FAMILY COURT OF AUSTRALIA AT CAIRNS

FILE NUMBER: CSC 826 of 2012

Mr Lindsay

Applicant

And

Ms Lindsay

Respondent

EX TEMPORE

REASONS FOR JUDGMENT

  1. By his Amended Application in a Case filed 28 July 2014, amongst other things, the father seeks an order that a Family Report be prepared in this matter, and that the parties share equally in the costs of the same. 

  2. The parenting dispute between these parties relates to three children:  B aged 15, C aged 13 and D aged 10.  B is already at boarding school in Melbourne and the parties are agreed – subject to some issues which have been unable to be resolved – that in principle, C should commence to attend boarding school in Melbourne next year as well.  At present, the dispute between the parties in relation to parenting matters appears to be slender.

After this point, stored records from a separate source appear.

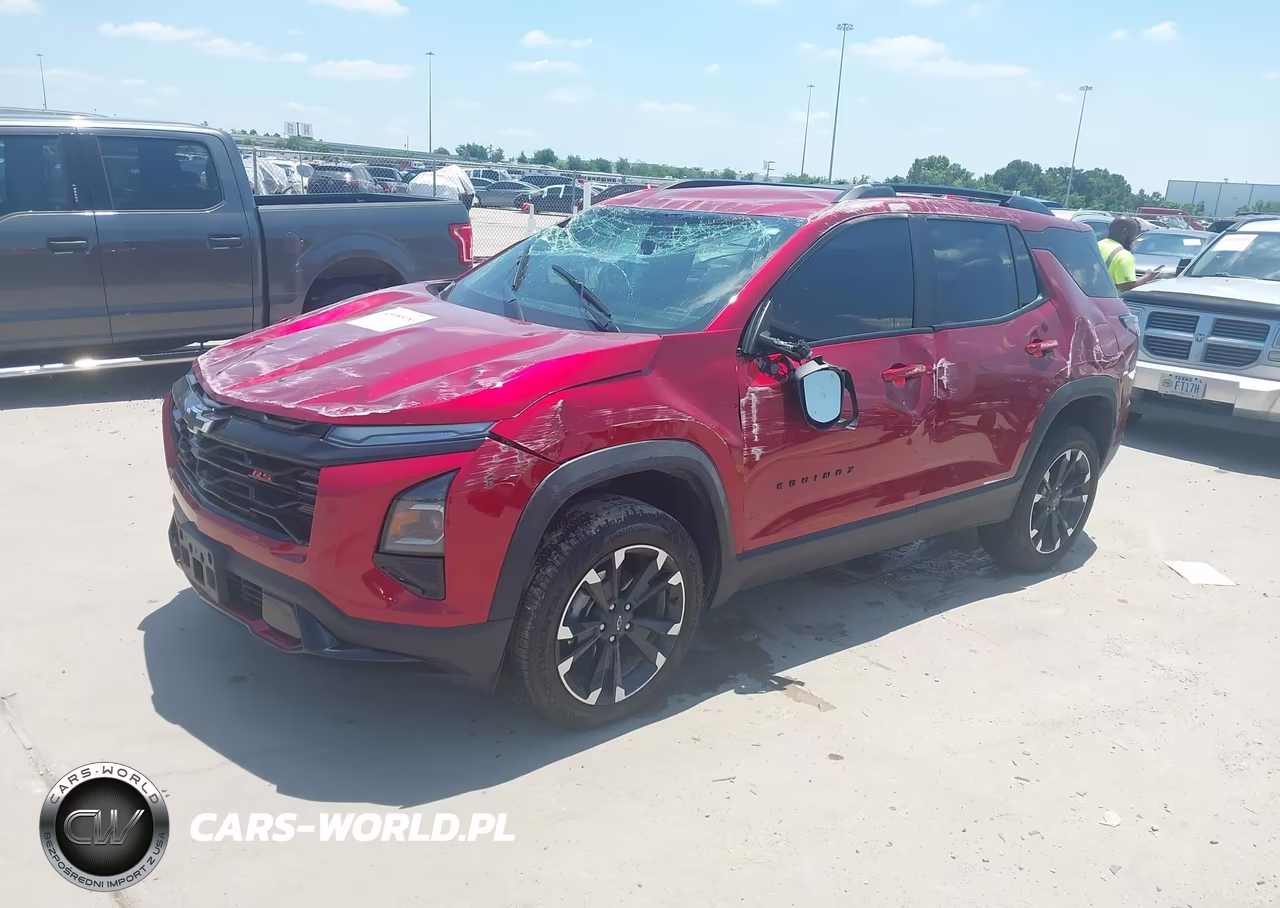 2025 Chevrolet Equinox Fwd Rs VIN:3GNAXLEG8SL176475 - 2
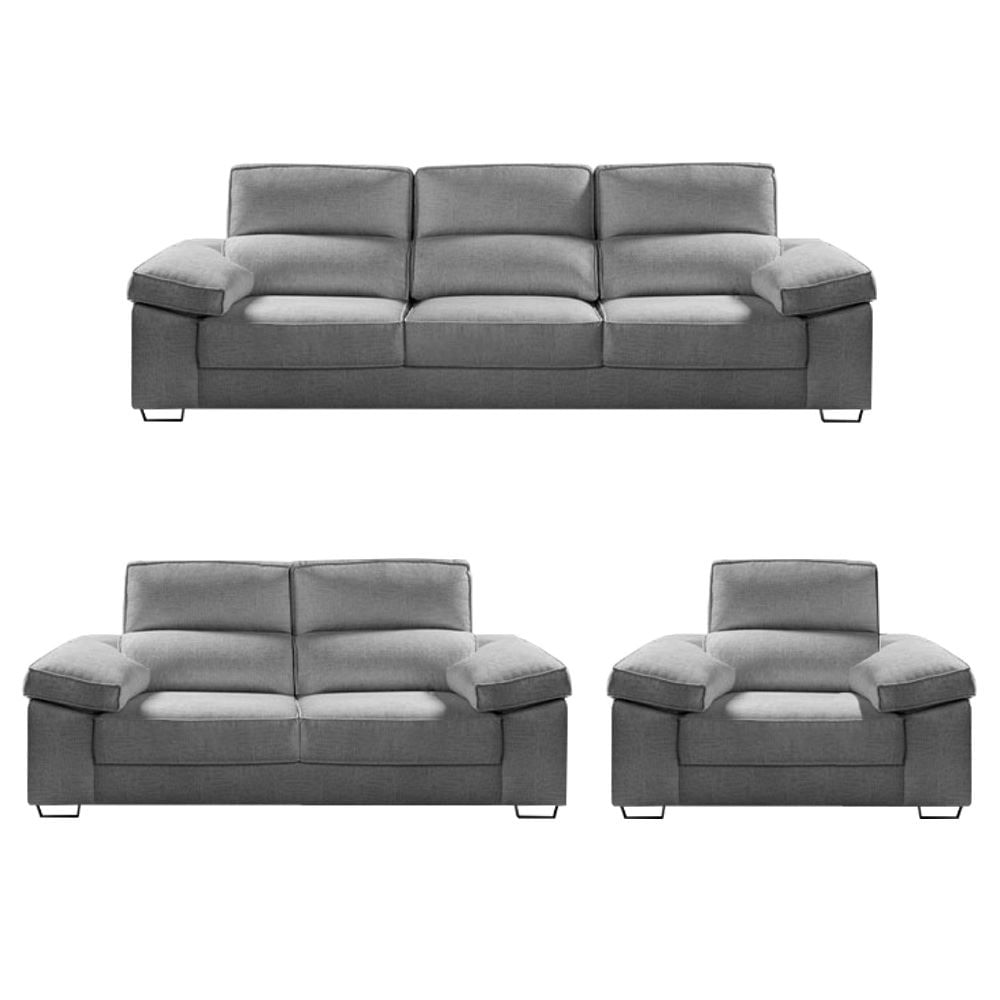 SALA MURGA GRIS OSCURO 3 2 1 CUERPOS - FALOTIH 3M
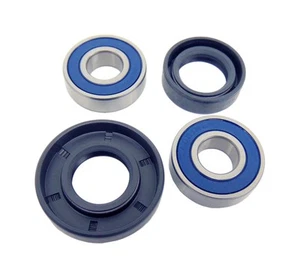 Front Wheel Bearing Seal Kit for Yamaha 00-up TTR 125 125LE Disc Brake - Foto 1 di 1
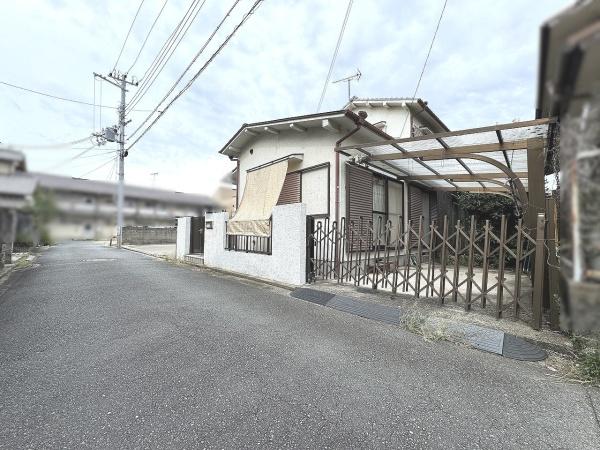 加古川市加古川町粟津の土地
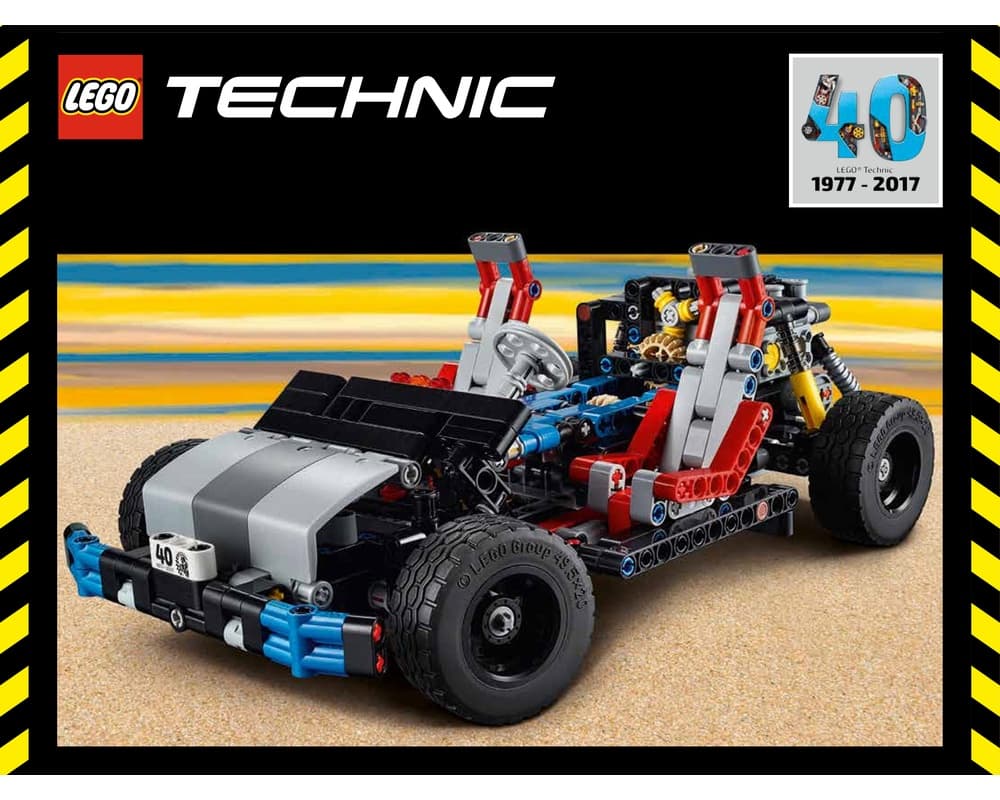 Technic 40 Year Anniversary Model LEGO set (#5005496-1, 2017)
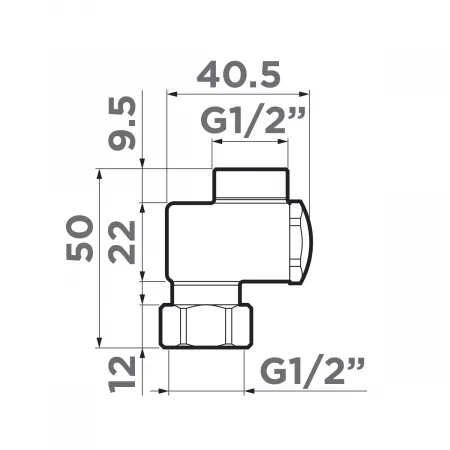 Фильтр грубой очистки Omoikiri OF-01 4998012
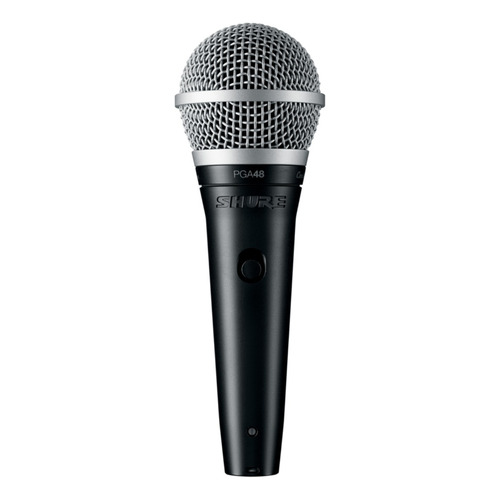 Shure Pga48 Microfono Dinamico Para Voces Ideal Karaoke Con Cable Xlr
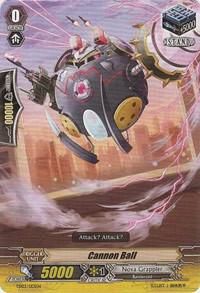 Cannon Ball - Trial Deck 3: Golden Mechanical Soldier (TD03) Trial Deck 3: Golden Mechanical Soldier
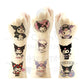 ParteeTime Kids Non-Toxic Temporary Tattoos Cute Cartoon Sanrio Kuromi Melody Cinnamoroll Body Make Up Parties Carnival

  3. Both parties appear to agree, at least according to their Application and Response, that it is appropriate that there be equal shared care of the children, and moreover, to the extent that there remain factual issues potentially in dispute between the parties, they appear to relate primarily to firstly, alleged drug abuse by the mother’s new partner, Mr E, and secondly, the appropriate educational regime for the children going forward.  

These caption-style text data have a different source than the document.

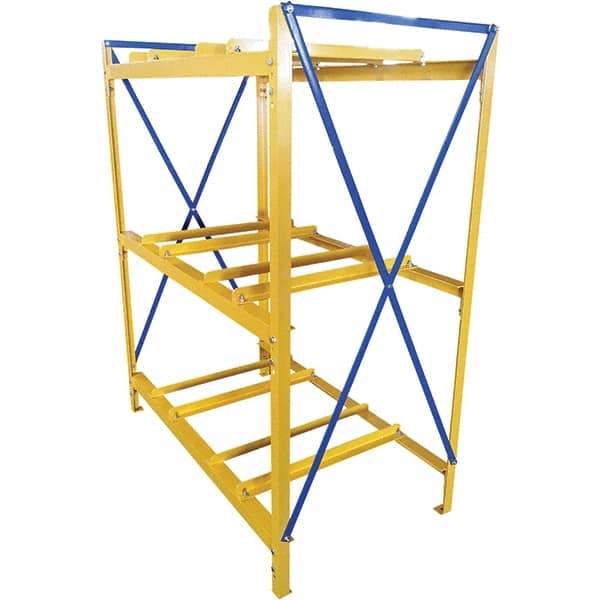 Vestil - 4,800 Lb Load Capacity, Drum Storage Rack - Industrial Tool & Supply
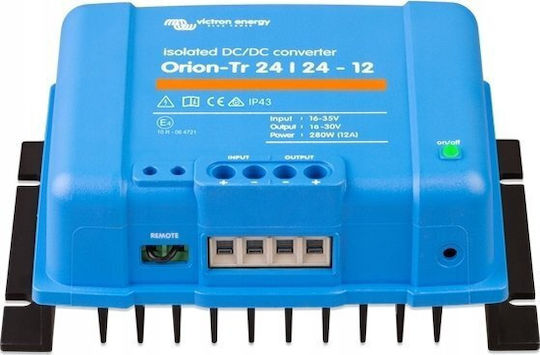 Victron Energy Orion-tr 24/24-12a 280w Isolierter Gleichspannungswandler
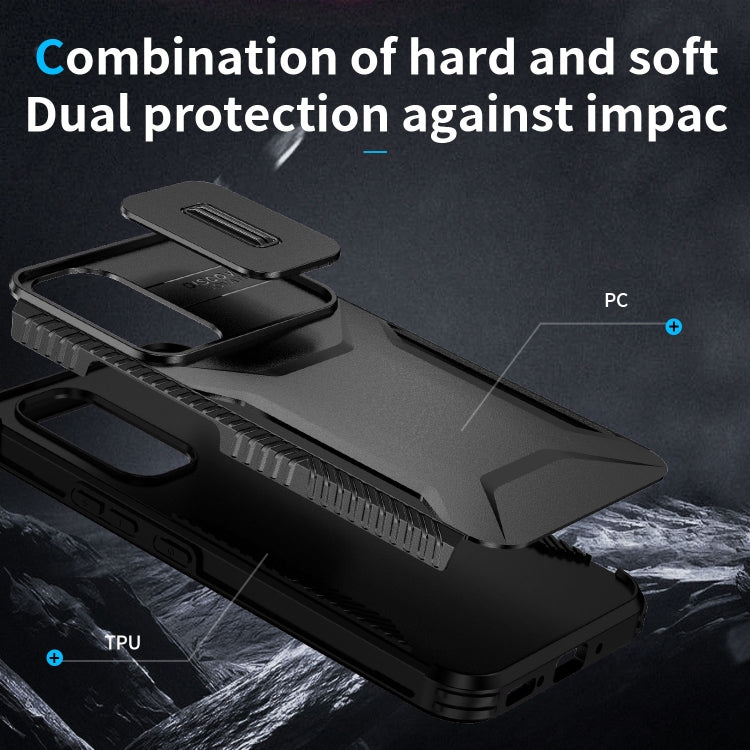 For Samsung Galaxy A54 5G Sliding Camshield Phone Case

  4. The parties entered into consent orders, which were made by Willis FM on 6 February 2013, albeit amended by her Honour on 12 March 2013.  Amongst the orders that were made was order 24, which obliged neither of the parties, but rather the treating doctor of Mr E – who himself, I note, is not a party to the proceedings – to provide a report as to whether or not he has been treating Mr E for drug issues.  It was then further provided within that order, that the father’s solicitor have the opportunity to ask specific questions of the doctor.  Order 25 provided that the mother’s solicitor was to obtain a report – a brief report – from Mr E’s counsellor relating to the general nature of his attendances.  Finally, order 26 – I use the term “order” in its broader sense – provides:

    The Court notes that Mr E will agree to random drugs tests as and when requested and will attend to the same within five hours of request.  Request to occur no more than once each six weeks and the results to be filed, annexed to an affidavit within four working days.

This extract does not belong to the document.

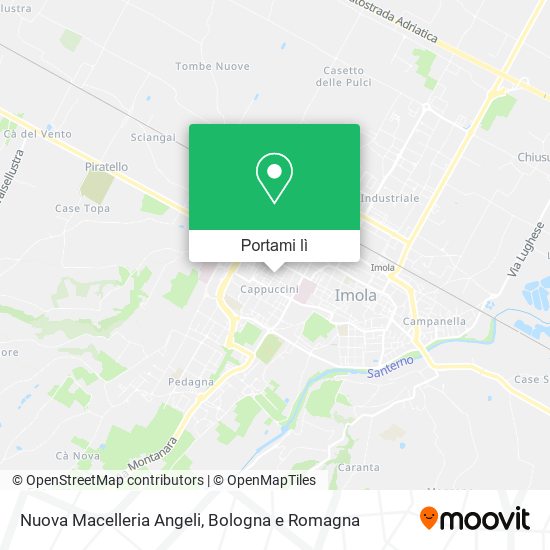 Mappa Nuova Macelleria Angeli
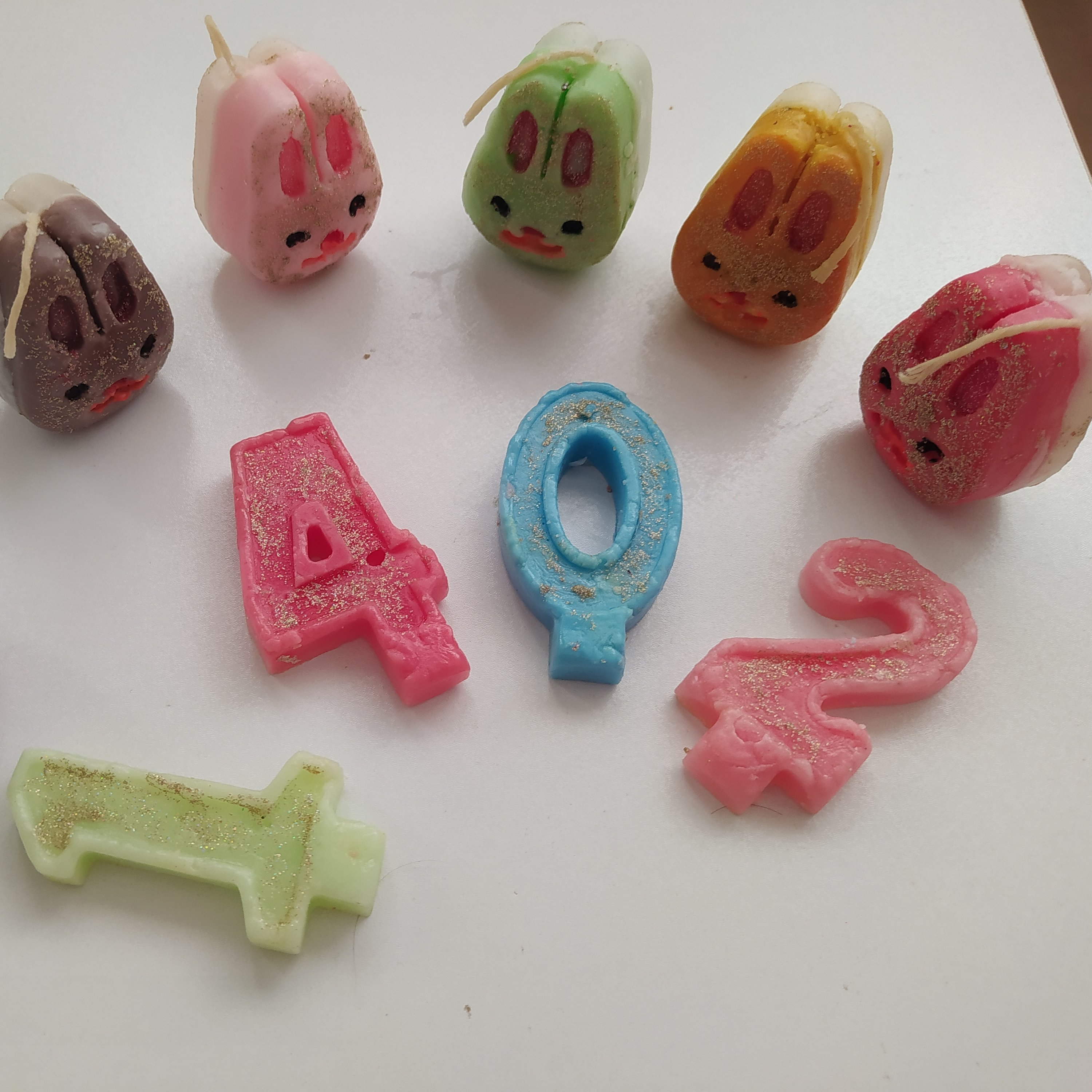 شمع خرگوش و اعداد 1402,بسیار زیبا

  5. It is appropriate to note that order 26 is, in fact, in the nature of recording an agreement without – it would seem – involving any coercive power of the Court to compel performance of the agreement.  Mr Betts, who appears as counsel for the mother, frankly admits that the treating doctor has not provided a report as contemplated by order 24.  However, he tells me, without any opposition from the bar table, that although the treating doctors’ notes and records have all been produced pursuant to subpoena, he is reluctant to provide a report.  Further, he points to some very broad areas of questioning which were made by the father’s solicitors to Mr E’s doctor, which apparently were the subject of dispute.

  6. The solicitors for the father prepared a helpful aide-mémoire listing all requests made of Mr E to attend to drug testing, and a short summary of the response, and where results were obtained, results of those drug tests.  Mr E, with perhaps one exception where he says that he was frustrated in relation to a request that was made of him, has explained his several failures to attend with the alacrity contemplated by the notation or demanded by the father’s solicitor, by reference to his employment, particularly working in remote areas and, on occasion, being unable to attend the relevant testing facility in order to comply with the request made of him.  Whether those explanations are truthful or not is not a matter that I can investigate or determine on an interim hearing such as this. 

  7. The utility which a Family Report could have in those circumstances is questionable.  As customarily prepared, Family Reports involve the interviewing of the relevant major players in the children’s lives, observations of interactions between the children and those persons and, on occasion, extensive notations of interviews between the Family Report writer and the children.  However, a Family Report in these circumstances, where there is really only some concern on the part of the father that Mr E is a drug abuser, is unlikely to yield much, and particularly, is likely to go little further than a hearsay recital of what Mr E may tell the Family Report writer.  Of course, I have already the benefit of his affidavits in that respect.   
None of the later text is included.